On a more personal note I should add that I, too, was only sporadically involved in discussions and political activity on Palestine until the Israeli siege of Beirut and the Sabra and Shatila massacres. As a Jew, however, I felt implicated. Zionism never had the slightest attraction for me, but the history of East European Jewry, and particularly of Hungarian Jews—my father was a survivor of Mauthausen concentration camp—was part of my family’s history. I only became aware of just how deeply this history mattered to me when I started studying the history of Palestine. It is repulsive to see Zionists use the Holocaust to fuel their ethnic nationalism.
J: What particular issues does the book address?
PK: It examines the attraction of Zionism, and later of the state of Israel, to the left. In the 1930s, the idea of a European population claiming to bring social progress and trade unionism to the Arab world was a colonialism with a “socialist” face, which appealed to the British Labour party and other European social democratic parties. While Labour Zionists were telling the international labour movement that they were building socialism in Palestine and helping to raise the living standards of the Palestinians, Chaim Weizmann was lobbying the British political elite on the basis that a Jewish Palestine would be a useful asset for British imperialism. But this is only part of the story. Zionist influence on the British left was facilitated by the political and financial resources it was able to draw on from the Jewish community in the UK and elsewhere. This was achieved through what Theodor Herzl had called the “conquest of community,” which the Zionist movement carried out in parallel with the “conquest of land” and “conquest of labor” in Palestine.
In the book, I look at the process by which the Zionist movement gained dominance over Anglo-Jewry. It was achieved mainly through a philanthropic mobilization for the refugees from Nazism and later for Israel. The expansion of Jewish schools from the 1960s, which tapped into middle-class anxieties about the state of inner-city education, also proved to be effective instruments of Zionist indoctrination. Over the past decade, however, with Israel’s accelerating rightward drift, a growing number of British Jews have distanced themselves from Zionism.
J: How does this book connect to and/or depart from your previous research?
PK: I began with an interest in British colonialism, and particularly in East Africa. The British began settling white people in the Kenyan highlands only a decade or so before the Balfour Declaration allocated another part of the imperial estate to another set of Europeans. Volumes have been written detailing in admiring terms every move by Weizmann and his colleagues to persuade the British elite of the Zionist objective. But the British agonized over it remarkably little, considering it their prerogative to give the land of a people they considered to be of an inferior race to people that Balfour and his colleagues believed formed an inassimilable race. It is revealing that Lord Balfour, the architect of the anti-Semitic 1905 Aliens Act, devised to keep Britain closed to Jews fleeing from Russian pogroms, is honored by having a street in Tel Aviv named after him.

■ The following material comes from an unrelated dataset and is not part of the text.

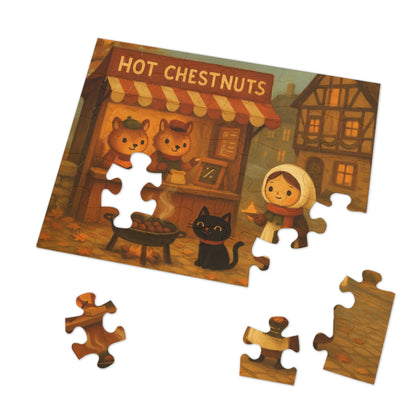 Little Black Cat Journeys: Chestnuts on the Square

J: Who do you hope will read this book, and what sort of impact would you like it to have?
PK: The Arab nationalist cause had no voice in Britain and, more broadly, in Western Europe during 1947-48 when the Nakba occurred. The French sociologist Maurice Halbwachs, a founding figure of the study of collective memory, made the point that if an event is not fixed in the public consciousness when it occurs, it is unlikely to be recalled in later years. In 1948, the left, which usually championed the cause of the victims of imperialism, was silent on the Palestinians; the refugees were largely forgotten until the New Left began to recall what had happened and to develop solidarity with the Palestinian national movement.
I hope my book contributes to critical reflections on Israel, on the Palestinian struggle, and on the left’s own history. The pro-Israeli lobby would like to make people believe that to focus on Israel is itself anti-Semitic because many other states also commit injustices. But this ignores the special connection that the West has with the Israeli state and therefore the possibility for us to do something about it. Israel is an integral part of the US-EU power bloc and it is a link where we can be effective.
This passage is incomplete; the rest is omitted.